> Assignment
Set down every record exactly as it appears.

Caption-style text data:
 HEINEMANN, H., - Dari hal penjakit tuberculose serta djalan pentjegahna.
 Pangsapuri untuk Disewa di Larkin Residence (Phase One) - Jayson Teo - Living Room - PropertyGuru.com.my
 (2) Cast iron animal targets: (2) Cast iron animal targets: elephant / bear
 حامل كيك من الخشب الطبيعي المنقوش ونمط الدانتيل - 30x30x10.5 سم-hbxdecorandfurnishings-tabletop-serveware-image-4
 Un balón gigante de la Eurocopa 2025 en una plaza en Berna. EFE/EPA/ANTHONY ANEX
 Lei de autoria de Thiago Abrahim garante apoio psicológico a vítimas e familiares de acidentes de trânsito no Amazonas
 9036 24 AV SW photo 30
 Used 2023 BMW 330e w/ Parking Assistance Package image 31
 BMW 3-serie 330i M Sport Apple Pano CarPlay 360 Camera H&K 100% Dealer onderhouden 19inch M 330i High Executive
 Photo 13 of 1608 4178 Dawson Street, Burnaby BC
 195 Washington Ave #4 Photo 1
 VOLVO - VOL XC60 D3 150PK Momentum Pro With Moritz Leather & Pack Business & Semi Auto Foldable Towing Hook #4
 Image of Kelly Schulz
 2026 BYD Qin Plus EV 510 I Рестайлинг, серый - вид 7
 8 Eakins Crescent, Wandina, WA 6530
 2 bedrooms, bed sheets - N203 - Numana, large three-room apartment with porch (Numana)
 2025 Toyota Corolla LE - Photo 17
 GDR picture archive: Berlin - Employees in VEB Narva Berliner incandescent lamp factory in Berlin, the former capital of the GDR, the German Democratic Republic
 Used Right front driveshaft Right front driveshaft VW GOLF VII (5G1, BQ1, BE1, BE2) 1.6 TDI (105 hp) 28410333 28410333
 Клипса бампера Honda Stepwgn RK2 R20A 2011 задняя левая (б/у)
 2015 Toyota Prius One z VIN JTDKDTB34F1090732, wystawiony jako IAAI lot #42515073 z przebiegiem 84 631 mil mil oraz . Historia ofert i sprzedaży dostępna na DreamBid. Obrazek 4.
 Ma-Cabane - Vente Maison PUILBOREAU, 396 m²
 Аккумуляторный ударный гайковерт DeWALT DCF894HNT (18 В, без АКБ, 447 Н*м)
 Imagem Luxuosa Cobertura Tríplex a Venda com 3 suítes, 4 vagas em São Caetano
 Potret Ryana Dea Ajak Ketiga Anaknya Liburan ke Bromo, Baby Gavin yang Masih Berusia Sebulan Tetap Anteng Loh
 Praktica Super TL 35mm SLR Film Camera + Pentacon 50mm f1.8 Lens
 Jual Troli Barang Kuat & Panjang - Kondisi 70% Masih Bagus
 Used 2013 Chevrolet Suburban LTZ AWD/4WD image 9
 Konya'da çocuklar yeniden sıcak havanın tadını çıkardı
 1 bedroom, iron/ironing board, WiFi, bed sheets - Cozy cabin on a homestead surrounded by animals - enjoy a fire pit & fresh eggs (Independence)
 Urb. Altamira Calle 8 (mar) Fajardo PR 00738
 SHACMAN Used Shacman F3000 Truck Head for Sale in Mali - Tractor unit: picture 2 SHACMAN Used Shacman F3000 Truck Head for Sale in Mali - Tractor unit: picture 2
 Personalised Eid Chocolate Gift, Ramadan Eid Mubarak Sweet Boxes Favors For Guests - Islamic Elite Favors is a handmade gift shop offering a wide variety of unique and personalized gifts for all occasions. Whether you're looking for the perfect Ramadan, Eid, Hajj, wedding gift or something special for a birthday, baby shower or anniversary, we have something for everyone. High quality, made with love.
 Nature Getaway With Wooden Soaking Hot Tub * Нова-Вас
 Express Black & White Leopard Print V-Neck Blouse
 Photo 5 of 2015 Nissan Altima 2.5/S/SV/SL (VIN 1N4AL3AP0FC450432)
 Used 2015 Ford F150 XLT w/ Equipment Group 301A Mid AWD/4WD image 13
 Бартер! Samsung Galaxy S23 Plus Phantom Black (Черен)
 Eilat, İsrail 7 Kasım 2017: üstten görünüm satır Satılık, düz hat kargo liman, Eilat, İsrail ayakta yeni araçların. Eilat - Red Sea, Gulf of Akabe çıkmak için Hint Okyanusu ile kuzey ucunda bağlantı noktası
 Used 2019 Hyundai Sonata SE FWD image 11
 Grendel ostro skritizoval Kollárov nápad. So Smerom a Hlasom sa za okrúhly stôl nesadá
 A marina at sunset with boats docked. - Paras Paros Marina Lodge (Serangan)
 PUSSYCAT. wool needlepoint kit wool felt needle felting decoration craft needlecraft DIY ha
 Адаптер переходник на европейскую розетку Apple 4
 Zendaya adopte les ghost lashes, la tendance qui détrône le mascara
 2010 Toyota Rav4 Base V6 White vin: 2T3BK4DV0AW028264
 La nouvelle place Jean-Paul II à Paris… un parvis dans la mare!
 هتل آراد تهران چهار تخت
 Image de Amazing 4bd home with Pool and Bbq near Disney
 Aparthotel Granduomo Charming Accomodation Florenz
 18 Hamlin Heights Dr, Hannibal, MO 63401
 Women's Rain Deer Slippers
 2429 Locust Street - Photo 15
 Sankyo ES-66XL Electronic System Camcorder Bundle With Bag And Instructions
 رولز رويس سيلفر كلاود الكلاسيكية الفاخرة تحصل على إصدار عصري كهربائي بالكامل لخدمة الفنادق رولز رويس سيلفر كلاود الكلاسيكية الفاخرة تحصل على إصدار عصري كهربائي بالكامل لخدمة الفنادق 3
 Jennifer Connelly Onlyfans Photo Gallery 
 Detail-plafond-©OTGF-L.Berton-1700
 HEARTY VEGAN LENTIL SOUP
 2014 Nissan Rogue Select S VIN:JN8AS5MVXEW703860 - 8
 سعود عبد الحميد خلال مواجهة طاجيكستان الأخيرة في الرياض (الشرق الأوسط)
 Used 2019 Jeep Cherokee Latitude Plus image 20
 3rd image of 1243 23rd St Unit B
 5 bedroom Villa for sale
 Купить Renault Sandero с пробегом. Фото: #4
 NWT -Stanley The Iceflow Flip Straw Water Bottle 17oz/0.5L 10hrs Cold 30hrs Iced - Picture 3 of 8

> Solution below
 HEINEMANN, H., - Dari hal penjakit tuberculose serta djalan pentjegahna.
 Pangsapuri untuk Disewa di Larkin Residence (Phase One) - Jayson Teo - Living Room - PropertyGuru.com.my
 (2) Cast iron animal targets: (2) Cast iron animal targets: elephant / bear
 حامل كيك من الخشب الطبيعي المنقوش ونمط الدانتيل - 30x30x10.5 سم-hbxdecorandfurnishings-tabletop-serveware-image-4
 Un balón gigante de la Eurocopa 2025 en una plaza en Berna. EFE/EPA/ANTHONY ANEX
 Lei de autoria de Thiago Abrahim garante apoio psicológico a vítimas e familiares de acidentes de trânsito no Amazonas
 9036 24 AV SW photo 30
 Used 2023 BMW 330e w/ Parking Assistance Package image 31
 BMW 3-serie 330i M Sport Apple Pano CarPlay 360 Camera H&K 100% Dealer onderhouden 19inch M 330i High Executive
 Photo 13 of 1608 4178 Dawson Street, Burnaby BC
 195 Washington Ave #4 Photo 1
 VOLVO - VOL XC60 D3 150PK Momentum Pro With Moritz Leather & Pack Business & Semi Auto Foldable Towing Hook #4
 Image of Kelly Schulz
 2026 BYD Qin Plus EV 510 I Рестайлинг, серый - вид 7
 8 Eakins Crescent, Wandina, WA 6530
 2 bedrooms, bed sheets - N203 - Numana, large three-room apartment with porch (Numana)
 2025 Toyota Corolla LE - Photo 17
 GDR picture archive: Berlin - Employees in VEB Narva Berliner incandescent lamp factory in Berlin, the former capital of the GDR, the German Democratic Republic
 Used Right front driveshaft Right front driveshaft VW GOLF VII (5G1, BQ1, BE1, BE2) 1.6 TDI (105 hp) 28410333 28410333
 Клипса бампера Honda Stepwgn RK2 R20A 2011 задняя левая (б/у)
 2015 Toyota Prius One z VIN JTDKDTB34F1090732, wystawiony jako IAAI lot #42515073 z przebiegiem 84 631 mil mil oraz . Historia ofert i sprzedaży dostępna na DreamBid. Obrazek 4.
 Ma-Cabane - Vente Maison PUILBOREAU, 396 m²
 Аккумуляторный ударный гайковерт DeWALT DCF894HNT (18 В, без АКБ, 447 Н*м)
 Imagem Luxuosa Cobertura Tríplex a Venda com 3 suítes, 4 vagas em São Caetano
 Potret Ryana Dea Ajak Ketiga Anaknya Liburan ke Bromo, Baby Gavin yang Masih Berusia Sebulan Tetap Anteng Loh
 Praktica Super TL 35mm SLR Film Camera + Pentacon 50mm f1.8 Lens
 Jual Troli Barang Kuat & Panjang - Kondisi 70% Masih Bagus
 Used 2013 Chevrolet Suburban LTZ AWD/4WD image 9
 Konya'da çocuklar yeniden sıcak havanın tadını çıkardı
 1 bedroom, iron/ironing board, WiFi, bed sheets - Cozy cabin on a homestead surrounded by animals - enjoy a fire pit & fresh eggs (Independence)
 Urb. Altamira Calle 8 (mar) Fajardo PR 00738
 SHACMAN Used Shacman F3000 Truck Head for Sale in Mali - Tractor unit: picture 2 SHACMAN Used Shacman F3000 Truck Head for Sale in Mali - Tractor unit: picture 2
 Personalised Eid Chocolate Gift, Ramadan Eid Mubarak Sweet Boxes Favors For Guests - Islamic Elite Favors is a handmade gift shop offering a wide variety of unique and personalized gifts for all occasions. Whether you're looking for the perfect Ramadan, Eid, Hajj, wedding gift or something special for a birthday, baby shower or anniversary, we have something for everyone. High quality, made with love.
 Nature Getaway With Wooden Soaking Hot Tub * Нова-Вас
 Express Black & White Leopard Print V-Neck Blouse
 Photo 5 of 2015 Nissan Altima 2.5/S/SV/SL (VIN 1N4AL3AP0FC450432)
 Used 2015 Ford F150 XLT w/ Equipment Group 301A Mid AWD/4WD image 13
 Бартер! Samsung Galaxy S23 Plus Phantom Black (Черен)
 Eilat, İsrail 7 Kasım 2017: üstten görünüm satır Satılık, düz hat kargo liman, Eilat, İsrail ayakta yeni araçların. Eilat - Red Sea, Gulf of Akabe çıkmak için Hint Okyanusu ile kuzey ucunda bağlantı noktası
 Used 2019 Hyundai Sonata SE FWD image 11
 Grendel ostro skritizoval Kollárov nápad. So Smerom a Hlasom sa za okrúhly stôl nesadá
 A marina at sunset with boats docked. - Paras Paros Marina Lodge (Serangan)
 PUSSYCAT. wool needlepoint kit wool felt needle felting decoration craft needlecraft DIY ha
 Адаптер переходник на европейскую розетку Apple 4
 Zendaya adopte les ghost lashes, la tendance qui détrône le mascara
 2010 Toyota Rav4 Base V6 White vin: 2T3BK4DV0AW028264
 La nouvelle place Jean-Paul II à Paris… un parvis dans la mare!
 هتل آراد تهران چهار تخت
 Image de Amazing 4bd home with Pool and Bbq near Disney
 Aparthotel Granduomo Charming Accomodation Florenz
 18 Hamlin Heights Dr, Hannibal, MO 63401
 Women's Rain Deer Slippers
 2429 Locust Street - Photo 15
 Sankyo ES-66XL Electronic System Camcorder Bundle With Bag And Instructions
 رولز رويس سيلفر كلاود الكلاسيكية الفاخرة تحصل على إصدار عصري كهربائي بالكامل لخدمة الفنادق رولز رويس سيلفر كلاود الكلاسيكية الفاخرة تحصل على إصدار عصري كهربائي بالكامل لخدمة الفنادق 3
 Jennifer Connelly Onlyfans Photo Gallery 
 Detail-plafond-©OTGF-L.Berton-1700
 HEARTY VEGAN LENTIL SOUP
 2014 Nissan Rogue Select S VIN:JN8AS5MVXEW703860 - 8
 سعود عبد الحميد خلال مواجهة طاجيكستان الأخيرة في الرياض (الشرق الأوسط)
 Used 2019 Jeep Cherokee Latitude Plus image 20
 3rd image of 1243 23rd St Unit B
 5 bedroom Villa for sale
 Купить Renault Sandero с пробегом. Фото: #4
 NWT -Stanley The Iceflow Flip Straw Water Bottle 17oz/0.5L 10hrs Cold 30hrs Iced - Picture 3 of 8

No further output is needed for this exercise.